Zelnick’s diagnosis holds at every level of scrutiny. The model is backward-looking by construction — a compression engine for everything humanity has already made. Boden mapped this decades before LLMs existed: AI hits its ceiling at combinatorial creativity. Transformation sits above that ceiling, and always will.
Which makes both camps straightforward to diagnose. The doomers are right that the recombinative layer of creative work is genuinely vulnerable — they’re wrong about transformation.
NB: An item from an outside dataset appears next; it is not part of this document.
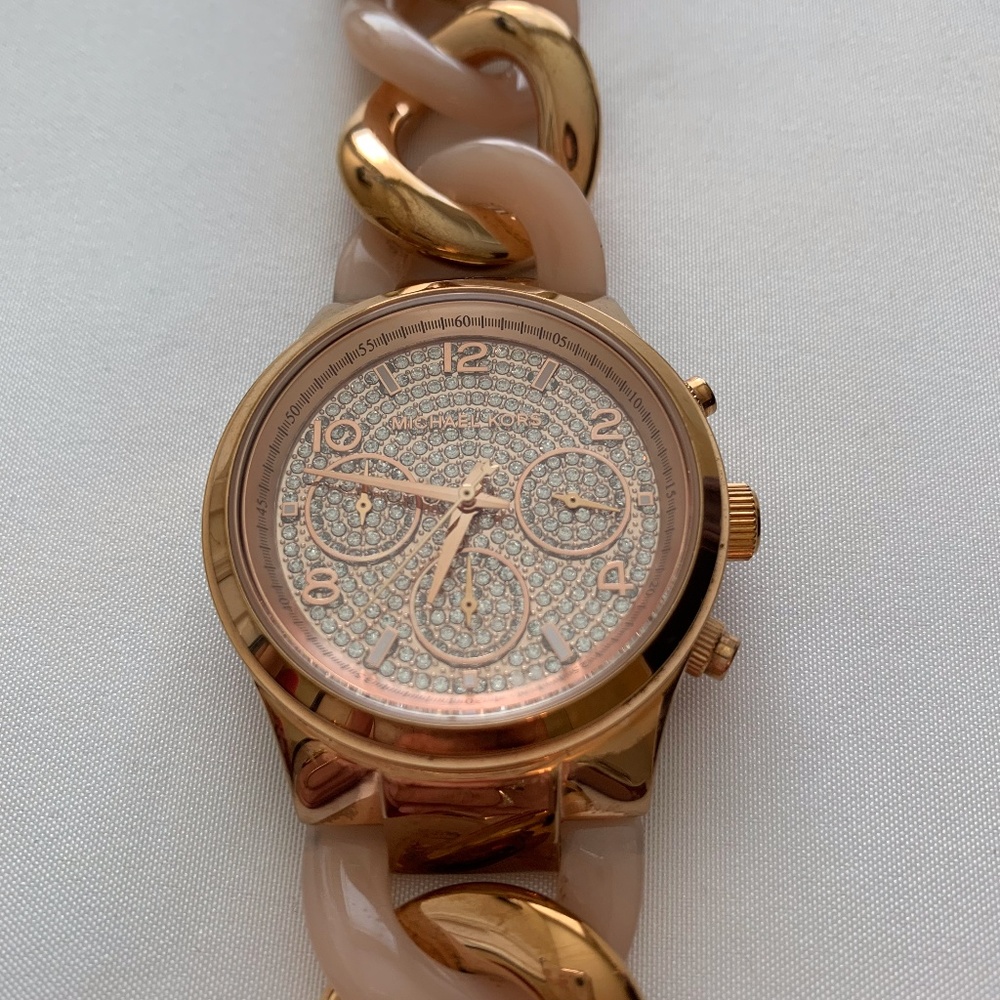 Michael Kors Women's Runway Twist Rose Gold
The dismissers are right that most AI output is averaging-engine noise — they’re wrong that all of it is.
The examples make the distinction concrete, and the clearest ones come from outside the arts. AlphaFold solved the 50-year protein folding problem — earning Hassabis and Jumper the 2024 Nobel Prize in Chemistry — by building a bespoke neural network architecture, not by prompting one. GNoME discovered 2.2 million new stable crystal structures by running candidates through a custom graph neural network and a multi-stage training pipeline — a 45x expansion of known materials. FunSearch cracked open problems in mathematics by constraining an LLM to write code, not prose, then running an evolutionary loop to select only the solutions that checked out. None of these were prompting exercises. They were systems — architectures designed by humans, wrapped around a model that stayed backward-looking throughout. The transformation happened at the human layer.
Zelnick didn’t say AI is worthless. He’s all in on it at Take-Two — for efficiency, for asset creation, for freeing his developers up for the hard problems. He just never confuses that with making something worth playing.
Neither should you.
The artists, designers, writers, and engineers who define this era will be the ones who understand where the ceiling is — combinatorial, never transformational — and who do the work that sits above it. That work is still a human job. Increasingly, it’s a job that requires knowing how to build the scaffolding.
The model is backward-looking by construction. The scaffolding — the system you design, the taste you apply, the architecture you build around it — that’s where the forward-looking work lives. That part is still yours.